Where's your mother?
I die.
I die.
REID: I am here.
You are not alone.
What is your name?
-Tommy.
-Tommy.
There, Tommy.
Do not be afraid.
I am here.
I am here.
(THEME MUSIC PLAYING) JACKSON: He is safe, he is loved, our boy.
Even now your Rose holds him in her arms, do you find no comfort in that?
You're free.
(CHUCKLES) You're alive, and we're together.
(SIGHS) We are, we are safe, let us delight in that.
Nine hundred days we were apart.
I counted 'em, every one of 'em, and I bled each and every hour.
Caitlin... Nine hundred days.
For all the hours we have lost.
We must make amends.
Captain Jackson will be along shortly, I've no doubt, sir.
He's a workhouse boy.
This red scalp is iodine, workhouse practice, against ringworm.
Sergeant, get onto the workhouses between here and Poplar, see who has gone missing, find out who he is.
His name is Tommy, and he has a birthmark here, behind his left ear.
And how should I mark the case, sir?
It is murder?
It is not a case as such.
I mean to find his family, give him a proper burial.
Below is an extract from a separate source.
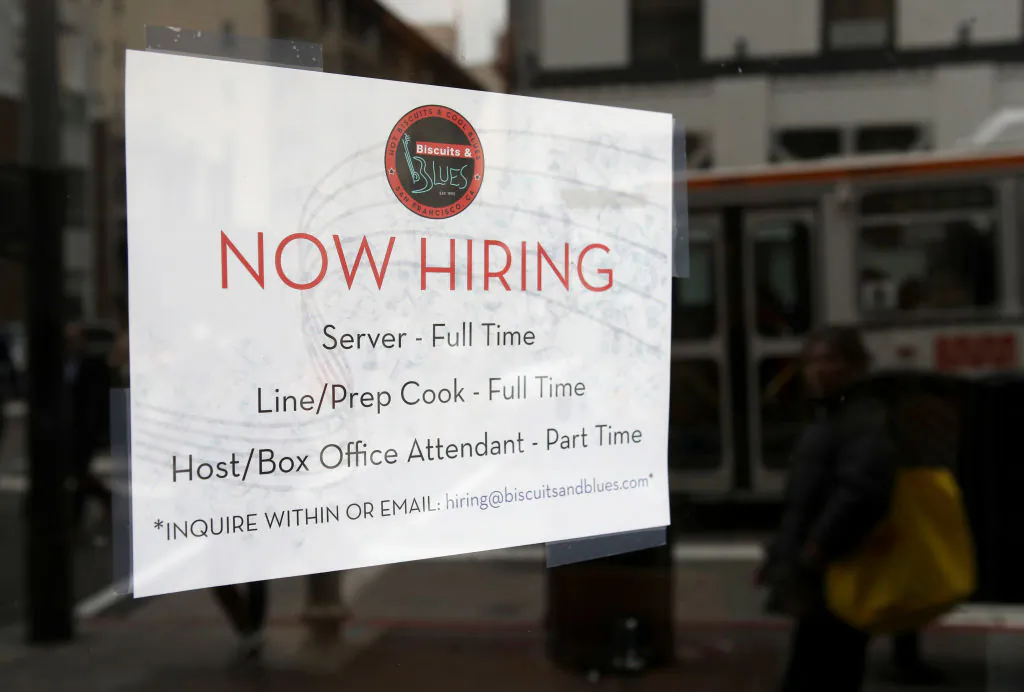 A now-hiring sign is posted at a restaurant in San Francisco, California, on Feb. 12, 2019.  (Justin Sullivan/Getty Images)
But I must log the action, sir.
It's how it is done now.
And what is your name, lad?
Drummond, sir.
Samuel Drummond.
Do not worry yourself, Samuel Drummond, it is a matter only for me.
Very good, sir, and if you come with me now, Mr. Drake is expecting you, sir.
I, Edmund John James Reid, being appointed a Constable of the Police Force of the Metropolitan Police District, do solemnly, sincerely and truly declare that I will serve our Sovereign Lady, Queen Victoria and in all respects to the best of my skill and knowledge, discharge the said office faithfully and according to law.
DRAKE: Who'd have thought, eh?
Welcome back, Inspector.
You have heard me speak often enough of this gentleman, Mr. Edmund Reid.
We are lucky indeed to have him back with us.
I see this wall soon empty, now he is returned.
And if I may?
A little something to ease you back to work... A curious case, a spate of attacks, the victims, separated from their right hands.
I have other business I must attend to but Sergeant Drummond will see you fitted with all the particulars of the case and show you to the suspect.
Give this silent fellow a stir, see if you can't make him whistle.
REID: Your name and business, sir.
I told them slops before, I don't talk to the police.
-REID: Slops?
-Mm.
You've been accused of severing the hands of four men.
It's a most particular crime, in some cultures, the punishment for thieving.
Slops... Coster speak for police.
You're a costermonger?
A market trader and you serve your own justice on those who would thieve from you.
You part them from their light-fingered hands.
It's old coster practice, this.
These scars... You must need knives for your trade.
You are a butcher?
But the scars are on the underside of your palm.
So you hold your work in your left, your knife in your right.
You are an oyster shucker.
(FOOTSTEPS APPROACHING) Mr. Reid, you are asked for, sir.
The boy's mother is found.
(INDISTINCT TALKING) (EXHALES SHARPLY) You have my boy.
Where is he, sir?
I was at my interviews, down Durward Street and along comes this lady, knocking on all the doors, just as I was.
Looking for her boy, she says.
Madam, be advised, the boy that we hold is dead.
Oh, God save us.
Oh, God, forgive me, I lost my boy.
I couldn't keep him no more.
I must put him in the workhouse, I couldn't feed him.
I...
I thought he would be safest there.
But look at him.
Oh, God, look what they did to him!
(SOBBING) Poor boy...
The boy, sir, is Tommy Riggs, missing from Whitechapel Union workhouse.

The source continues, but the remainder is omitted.